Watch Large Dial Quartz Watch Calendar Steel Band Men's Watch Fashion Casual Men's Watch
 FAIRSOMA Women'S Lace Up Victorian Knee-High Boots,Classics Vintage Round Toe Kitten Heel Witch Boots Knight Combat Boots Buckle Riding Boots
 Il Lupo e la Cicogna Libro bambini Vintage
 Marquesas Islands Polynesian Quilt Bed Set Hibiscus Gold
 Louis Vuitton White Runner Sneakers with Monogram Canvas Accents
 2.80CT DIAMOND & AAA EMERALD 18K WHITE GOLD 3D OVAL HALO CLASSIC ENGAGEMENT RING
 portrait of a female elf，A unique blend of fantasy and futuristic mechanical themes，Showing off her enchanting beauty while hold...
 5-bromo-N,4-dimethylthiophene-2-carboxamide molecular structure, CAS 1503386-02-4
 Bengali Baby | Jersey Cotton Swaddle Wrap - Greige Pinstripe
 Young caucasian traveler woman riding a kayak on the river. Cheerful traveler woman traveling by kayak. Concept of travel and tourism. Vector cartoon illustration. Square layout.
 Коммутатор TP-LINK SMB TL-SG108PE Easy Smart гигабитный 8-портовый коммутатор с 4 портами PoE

============

* [EXERCISE DETAILS] Everything from the line containing "Louis Vuitton White" to the bottom of the listing is to be set down exactly; leave out all other lines.

* [ANSWER TO THE EXERCISE]
 Louis Vuitton White Runner Sneakers with Monogram Canvas Accents
 2.80CT DIAMOND & AAA EMERALD 18K WHITE GOLD 3D OVAL HALO CLASSIC ENGAGEMENT RING
 portrait of a female elf，A unique blend of fantasy and futuristic mechanical themes，Showing off her enchanting beauty while hold...
 5-bromo-N,4-dimethylthiophene-2-carboxamide molecular structure, CAS 1503386-02-4
 Bengali Baby | Jersey Cotton Swaddle Wrap - Greige Pinstripe
 Young caucasian traveler woman riding a kayak on the river. Cheerful traveler woman traveling by kayak. Concept of travel and tourism. Vector cartoon illustration. Square layout.
 Коммутатор TP-LINK SMB TL-SG108PE Easy Smart гигабитный 8-портовый коммутатор с 4 портами PoE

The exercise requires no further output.